So I found a place where I can tell my story. I’m 33 years old, married with kids. My husband and I have been together for 12 years.

From the very beginning there were problems in the sex department: he wanted a lot more sex than I did. And every time I turned him down, he would get very upset. As the years went by I completely lost all my passion for sex with him, it became some kind of work I had to do to make sure things will be OK at home for a few days.

But a few years ago he developed an erectile dysfunction. It got very bad because we kept having the same amount of sex as before, only without the erection. After a while I confronted my husband about it (very gently, of course) and he said he was not aware of the problem, but if there is one, it is strictly my fault, because I turned him down etc…

So he will not get help for it, i’m the one who needs help. I felt so said and unwanted. But on the other hand I missed having normal sex very much! Not just with an erection, but also sex that comes from passion, not as a price for a peaceful home…

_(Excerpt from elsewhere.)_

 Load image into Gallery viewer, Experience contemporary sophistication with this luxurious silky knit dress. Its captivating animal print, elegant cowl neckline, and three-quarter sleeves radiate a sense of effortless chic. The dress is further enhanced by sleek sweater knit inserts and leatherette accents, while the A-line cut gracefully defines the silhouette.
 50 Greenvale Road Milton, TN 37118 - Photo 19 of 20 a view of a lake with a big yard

So I found a guy who would do it for money, went to his apartment and there it all happened. For the first time in so long I felt attractive, wanted, welcome! I paid him 100 dollars, but even that didn’t spoil it for me. He said I could call him anytime and we could get together for free. So I did. We’ve been seeing each other every month since then. It makes me feel great and helps a lot with all my misery at home. There is no question at the end of this confession. I know what I’m doing is wrong and I’m doomed to loose everything.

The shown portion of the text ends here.